The Bar was a lonely place when I arrived 16 years ago, with few black and ethnic minority women and no female hijab-wearing criminal barristers.
“We are breaking down these barriers, and I hope many other young ladies will feel empowered to follow in our footsteps, regardless of ethnicity or religion.”
Ms Tafadar is a leading expert in human rights, counter-terrorism, national security, and international law. Erin’s cases include high-profile criminal trials that helped set precedents.
Ms Tafadar is the first hijab-wearing QC in Britain. She also advises states and organisations on human rights and international law, and huge multinational enterprises on equality, diversity, and inclusion.
Ms Tafadar is fighting the hijab prohibition in France. She will later this year make crucial comments to the UN on how the French government violates international law in areas such as civil rights, sex discrimination, religious freedom, and women’s economic rights.
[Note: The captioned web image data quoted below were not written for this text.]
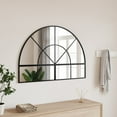 thumbnail image 1 of vidaXL Wall Mirror Decorative Wall Mounted Mirror for Bathroom Black Arch Iron, 1 of 6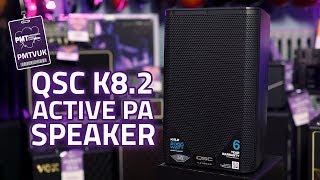 QSC K82 Active PA Loudspeaker  One of the Best Portable PA Speakers [upl. by Qulllon490]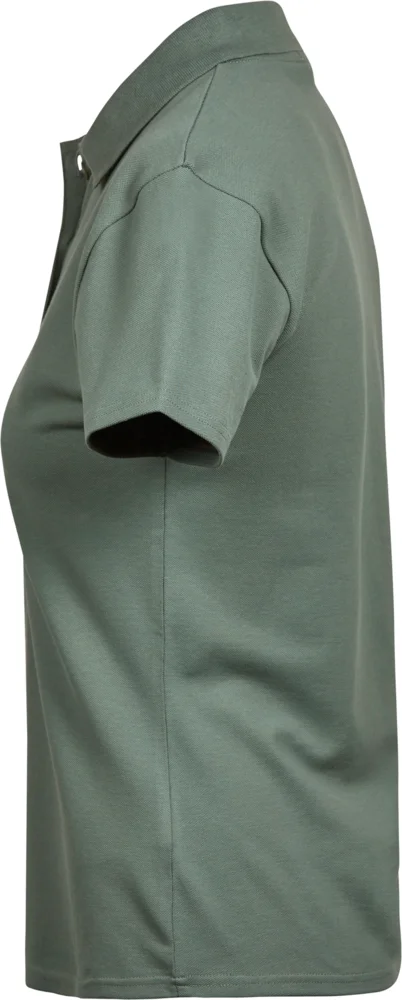 Schweres Damen Luxus Stretch Piqué Polo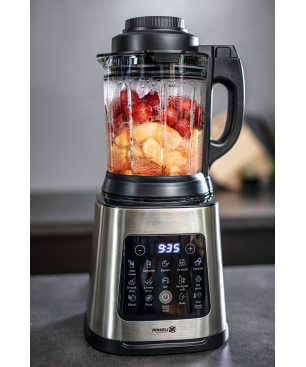 KRUPS KB835D Perfect Mix Cook Standmixer Silber/Schwarz (1400 Watt, 1.75 Liter)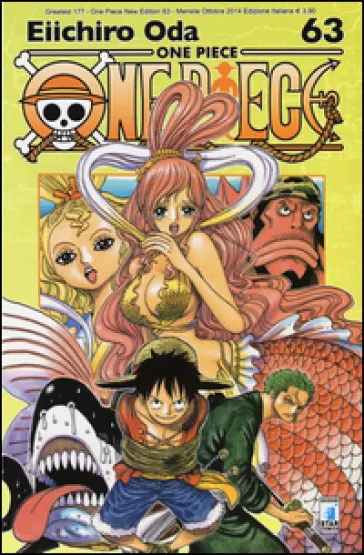 One piece. New edition. 63.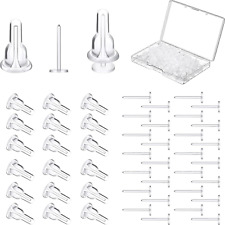 Clear Plastic Earring Post And Back Stopper Silicone Invisible Sport E�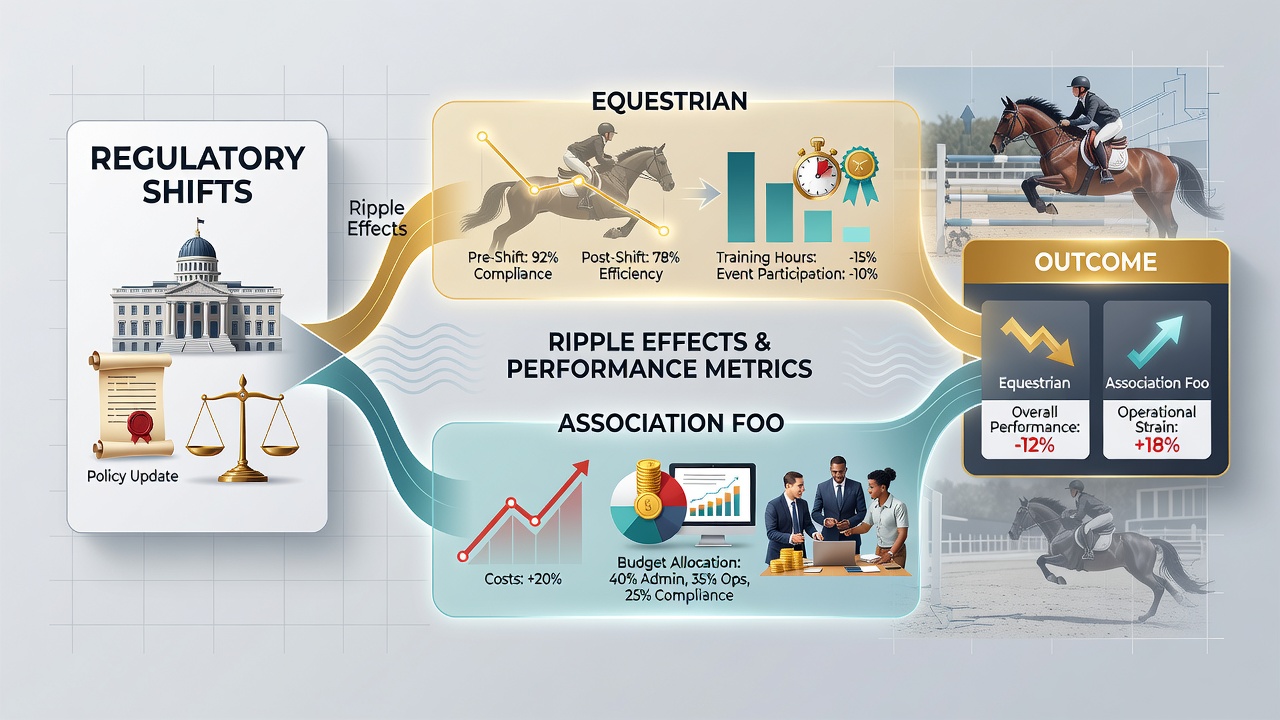 Impact of compliance updates on football and racing prediction metrics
Ms Tafadar grew up in Luton, England, with Bangladeshi immigrant parents, striving to improve the world.
Her hijab-wearing relatives had previously shown that being a visible Muslim lady was no barrier to success.
“Growing up in the 80s and 90s, I saw much of unfairness and racism. I was inspired by MLK and Malcolm X. Were you an activist lawyer?”
“There have been moments when I have been mistaken for the defendant or the interpreter,” Ms Tafadar says. I’ve had issues because of my gender, race, and religion.
“It’s been difficult, but I see my clients from many backgrounds facing similar discrimination.
The law is a tool for me to attain big objectives like equality. It reminds me why I chose this career and why I must succeed.”